Oak Island man who worked on Air Force One remembers time with Queen Elizabeth II
"Whatever we thought a queen should be, she was that and more."
OAK ISLAND, NC (WWAY) — During Queen Elizabeth II’s reign, America had 14 presidents and the Queen personally met with all of them except Lyndon Johnson.
Howie Franklin works as the manager of the Cape Fear Regional Jetport in Oak Island. Before landing in Brunswick County, he worked alongside some of those presidents as the chief flight attendant on Air Force One; meeting countless movie stars, musicians, and monarchs — including Queen Elizabeth.
“I was one of the people that got to work with her when she visited the United States and Ronald Reagan and we traveled around the country with her,” Franklin said. “She was the most gracious lady. Whatever I imagined a great queen would be, she was.”

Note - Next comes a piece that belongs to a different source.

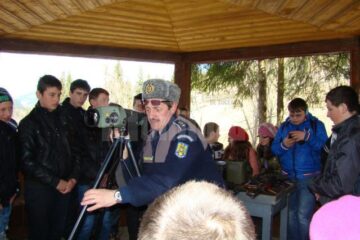 Elevilor le-au fost prezentate tehnica și mijloacele folosite de polițiștii de frontieră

Gracious, polite, and most of all, human. Franklin says the Queen treated everyone as equals and shared laughs with President Reagan, like when the two road horses in California.

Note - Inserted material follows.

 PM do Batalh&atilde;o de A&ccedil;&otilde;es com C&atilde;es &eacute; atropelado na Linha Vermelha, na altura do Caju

“I was told the Queen’s horse had an extended amount of gas, I mean a large amount of gas. This gracious lady, finally said to the president, ‘Oh, pardon me, Mr. President.’ He turned and said, ‘it’s okay, I thought it was the horse,'” Franklin laughed.

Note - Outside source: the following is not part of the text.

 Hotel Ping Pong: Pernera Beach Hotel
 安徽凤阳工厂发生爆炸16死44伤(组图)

While traveling, Franklin says the airplanes were equipped with snacks like candy, fruit baskets, and velamints. He says the Queen was particularly fond of the velamints and they weren’t available in England at the time.
“When I got back [home] after the trip, my neighbor was a British girl who married an American Air Force gentleman. Her brother was on the Queen’s flight in England. She told her brother about me and he contacted her and said the Queen would like some velamints,” Franklin said. “I went to Ronald Reagan and said, ‘the Queen would like some velamints, can I send some to her?’ He said yes, but please don’t tell the press!”
The stories he could tell are endless and all positive. Just as the Queen was gracious, Franklin was grateful to work with her.
“It was everybody. The whole crew felt that way, the secret service, our passengers, our staff members. Whatever we thought a queen should be, she was that and more as far as her mannerisms and her attitude,” Franklin said.